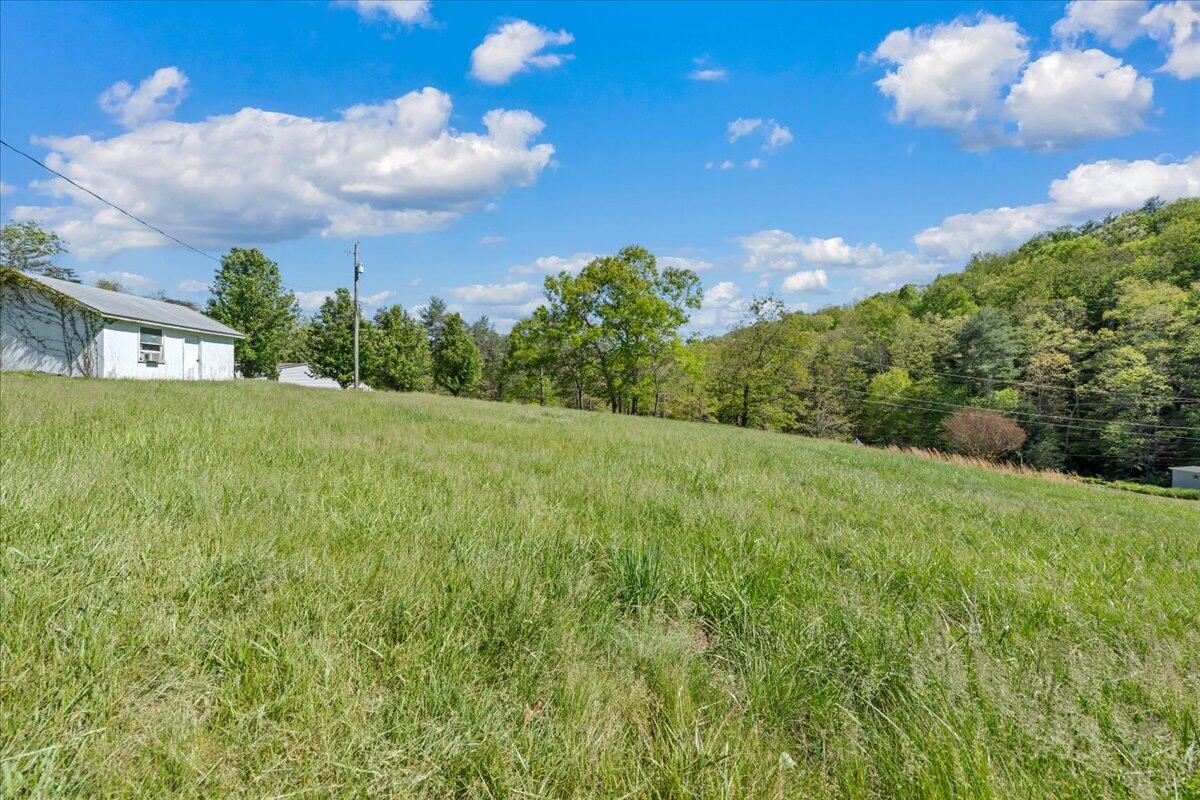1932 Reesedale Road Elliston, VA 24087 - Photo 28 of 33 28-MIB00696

--

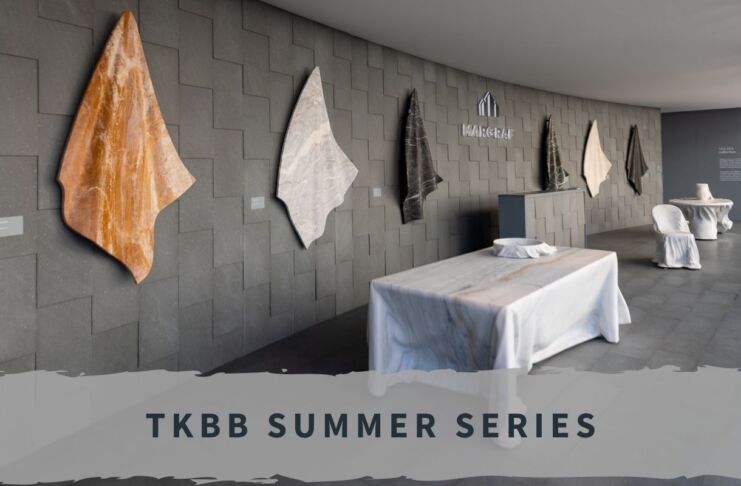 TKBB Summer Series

* * *

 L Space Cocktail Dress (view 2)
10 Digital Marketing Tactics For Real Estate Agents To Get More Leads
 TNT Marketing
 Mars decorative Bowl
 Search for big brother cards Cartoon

*The task*: Wherever the word "Marketing" turns up in the records above, copy the line that holds it.

*The answer*:
10 Digital Marketing Tactics For Real Estate Agents To Get More Leads
 TNT Marketing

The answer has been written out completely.